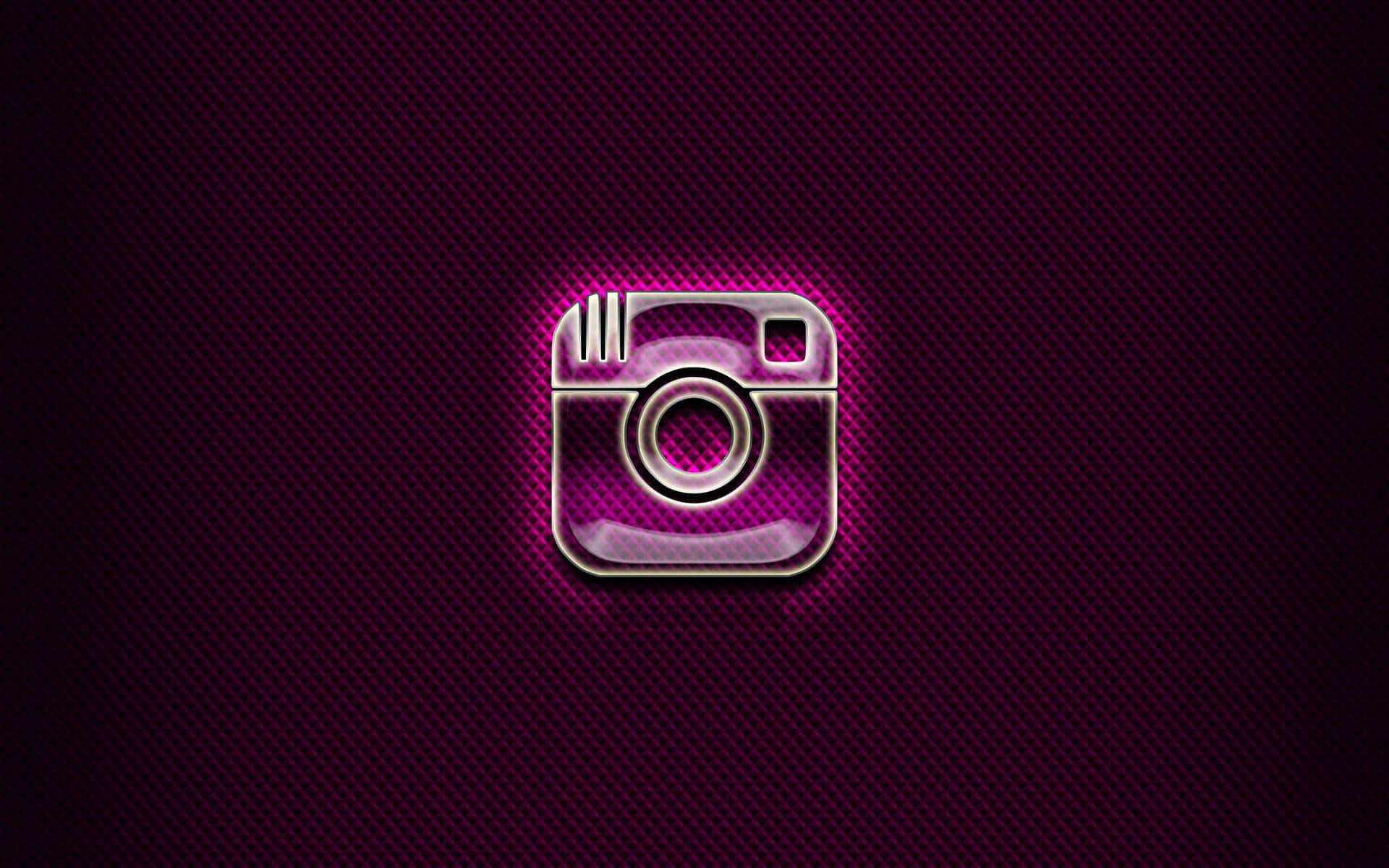 Instagram logo, neon pink, dark magenta background, Full HD Desktop Wallpaper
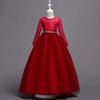 Girls Long Sleeve Mesh Ball Gown Lace Trim Rhinestone Wedding Party Princess Dress Stage Performance Outfit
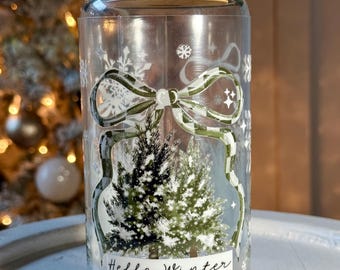 Winter Wonderland Snowy Mug | Christmas Coffee Cup | Winter Glass Cup | Christmas Gift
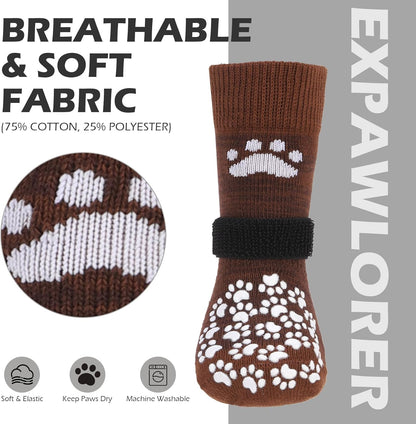 EXPAWLORER Anti Slip Dog Socks to Prevent Licking Paws, Dog Shoes for Hot Pavement, Dog Booties for Small Medium Large Senior Dogs, Traction Control Boots & Paw Protectors for Hardwood Floors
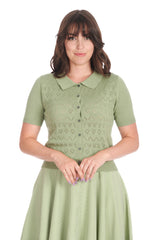 Banned Retro 50s Hearts Waves Cardigan-Green
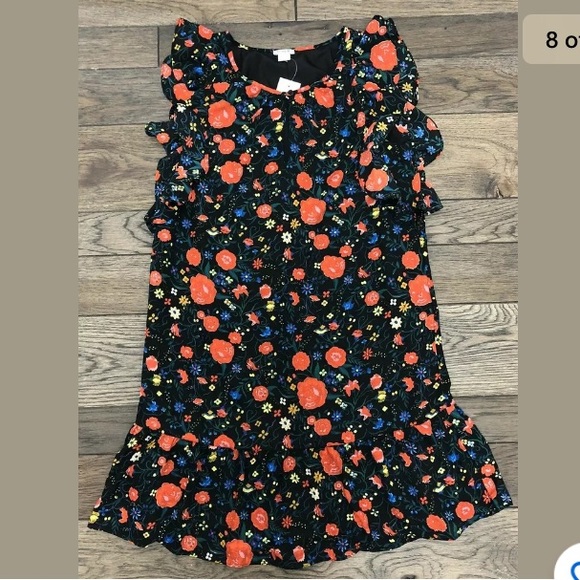 J. Crew Sleeveless Floral Flutter Dress Size XS - Picture 6 of 8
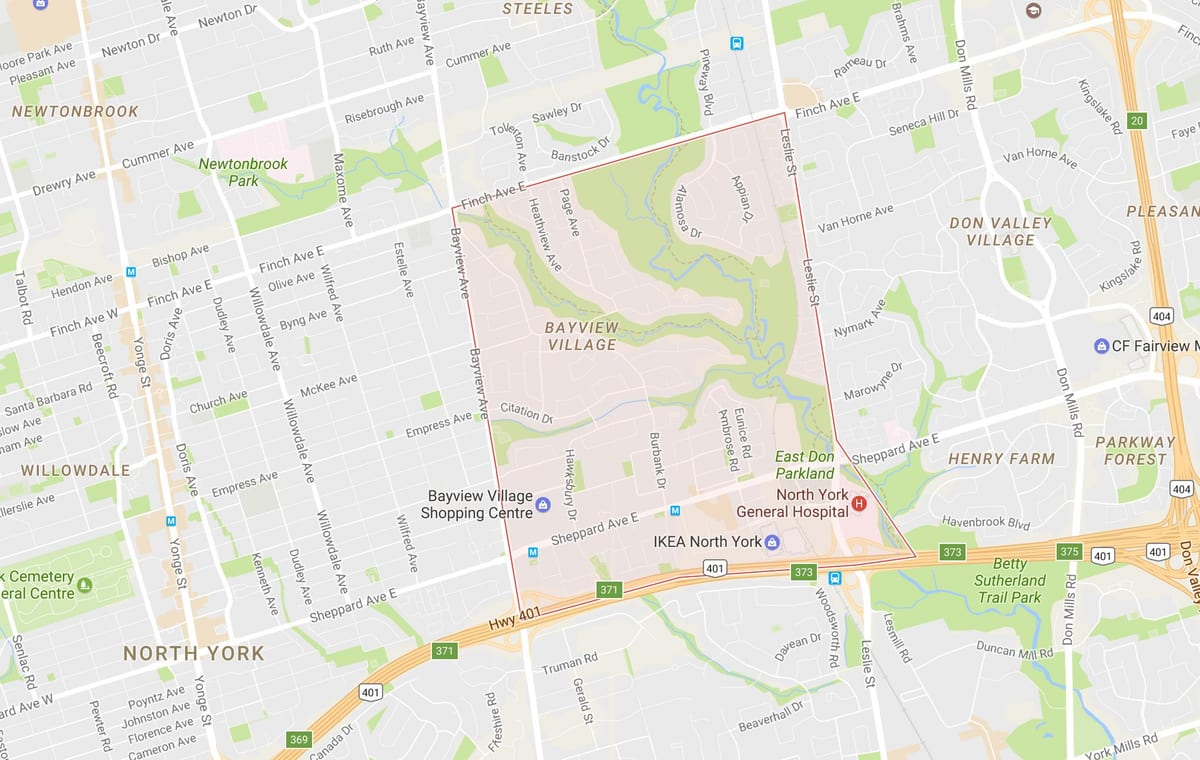 Harta Bayview Sat de vecinătate Toronto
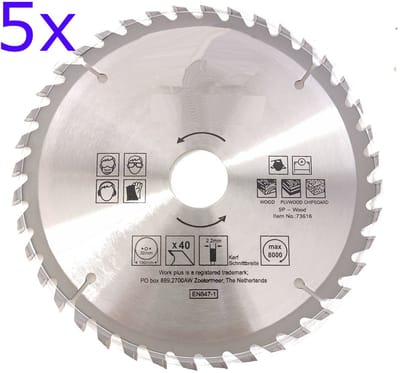 5x TCT 40 tands Cirkelzaagblad Ø 190 x 2.2 x Ø 30mm Carbide tanden (16)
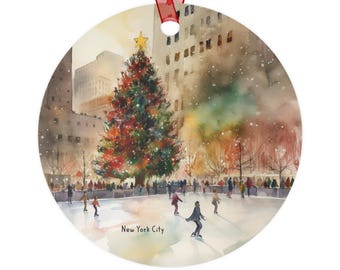 New York City Christmas ornament, New York City ornament, Christmas in New York ornament, New York ice skaters ornament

- **PROBLEM REQUIREMENTS**
The answer must consist only of the lines from the beginning of the entries above through the line that holds "Winter Wonderland Snowy", reproduced exactly and without pictures.

- **RESULT FOR THIS TASK**
 Instagram logo, neon pink, dark magenta background, Full HD Desktop Wallpaper
 Girls Long Sleeve Mesh Ball Gown Lace Trim Rhinestone Wedding Party Princess Dress Stage Performance Outfit
 Winter Wonderland Snowy Mug | Christmas Coffee Cup | Winter Glass Cup | Christmas Gift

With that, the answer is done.